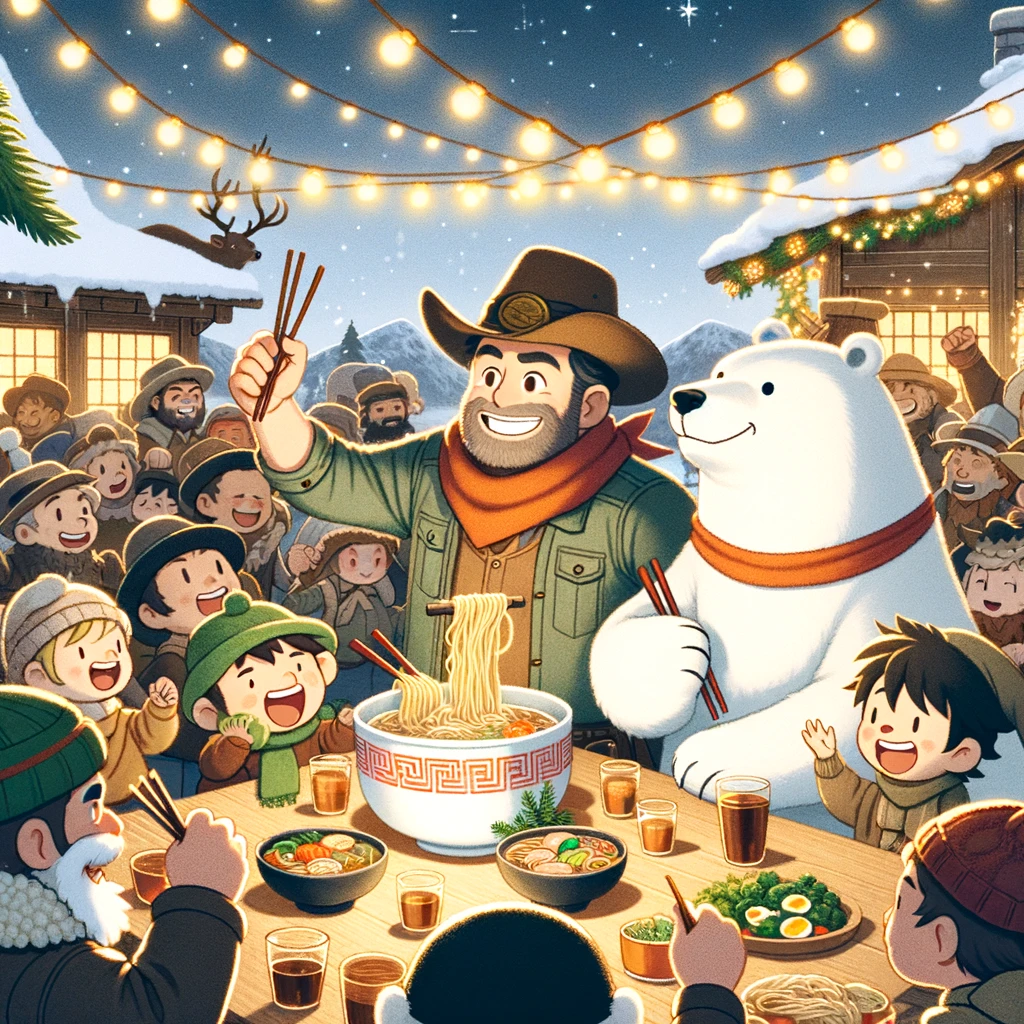 A joyful scene of a cowboy and a polar bear chef celebrating with a crowd of villagers around a table of ramen under Christmas lights.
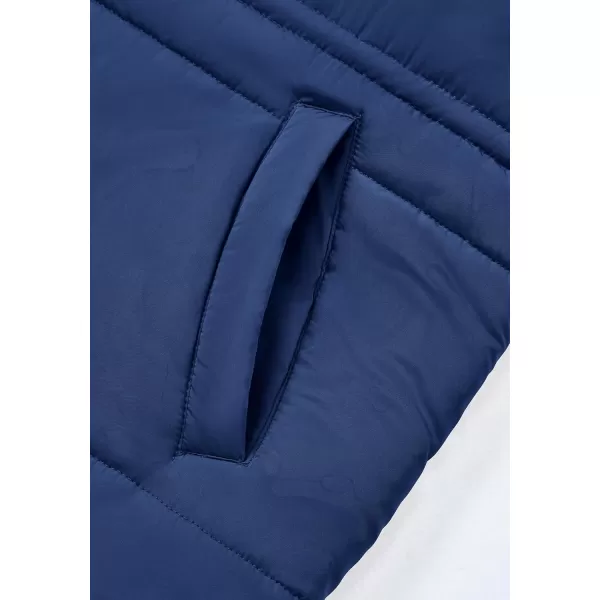 BTFBM Womens Casual Outerwear Vest Button Down Zip Up Padded Gilet Drawstring Sleeveless Jackets Coats with PocketsSolid Navy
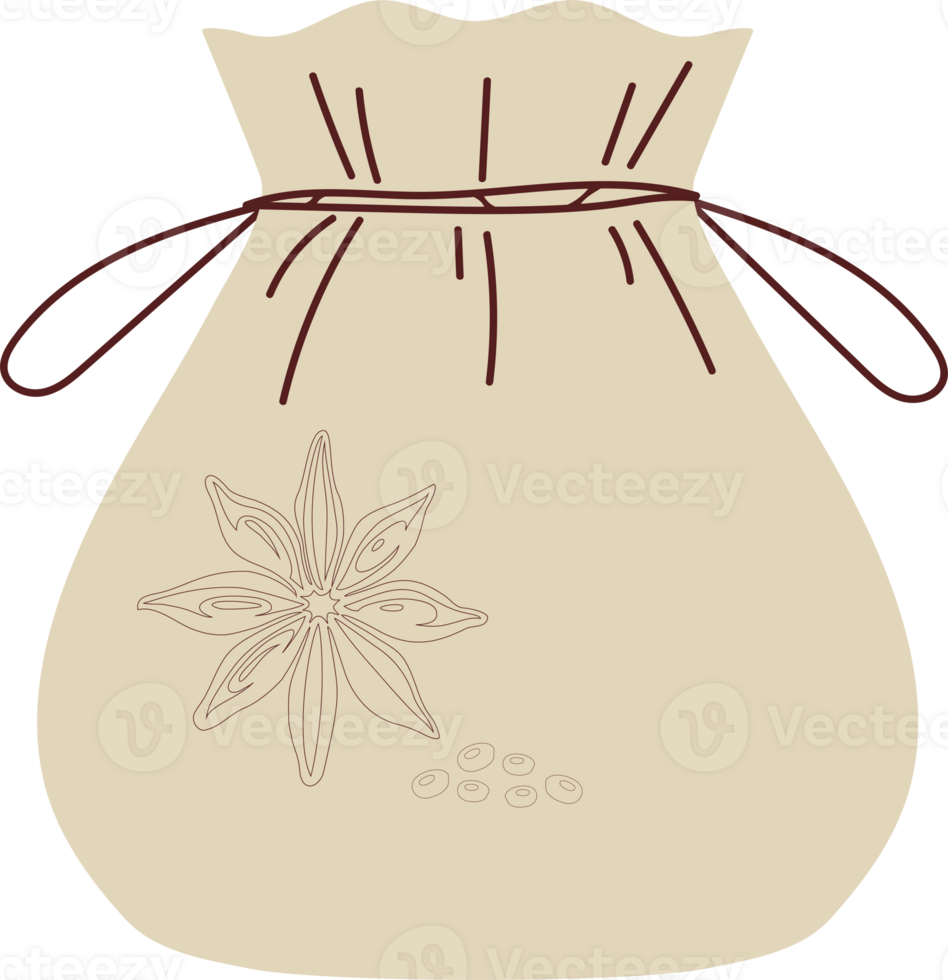 This image shows a simple beige spice bag decorated with a anise plant and tied with brown twine. png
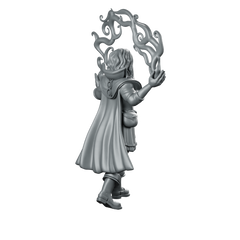 Warlock Woman Miniature Elven Spellcaster Sorceress Miniature 360 Spin 04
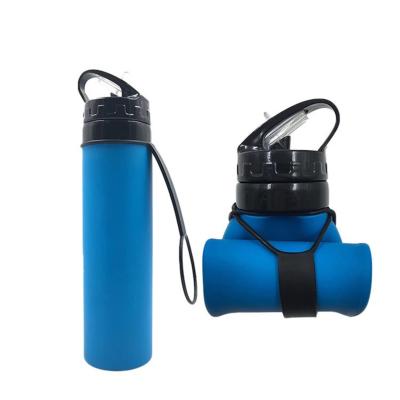 China DL237 Promotional Collapsible Gifts Silicone Sports Water Bottle With Loop Rope for sale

○ ○ ○ ○ ○

Print every line of the material exactly as written, but drop the pictures.

## [PROBLEM SOLUTION]
 A joyful scene of a cowboy and a polar bear chef celebrating with a crowd of villagers around a table of ramen under Christmas lights.
 BTFBM Womens Casual Outerwear Vest Button Down Zip Up Padded Gilet Drawstring Sleeveless Jackets Coats with PocketsSolid Navy
 This image shows a simple beige spice bag decorated with a anise plant and tied with brown twine. png
 Warlock Woman Miniature Elven Spellcaster Sorceress Miniature 360 Spin 04
 China DL237 Promotional Collapsible Gifts Silicone Sports Water Bottle With Loop Rope for sale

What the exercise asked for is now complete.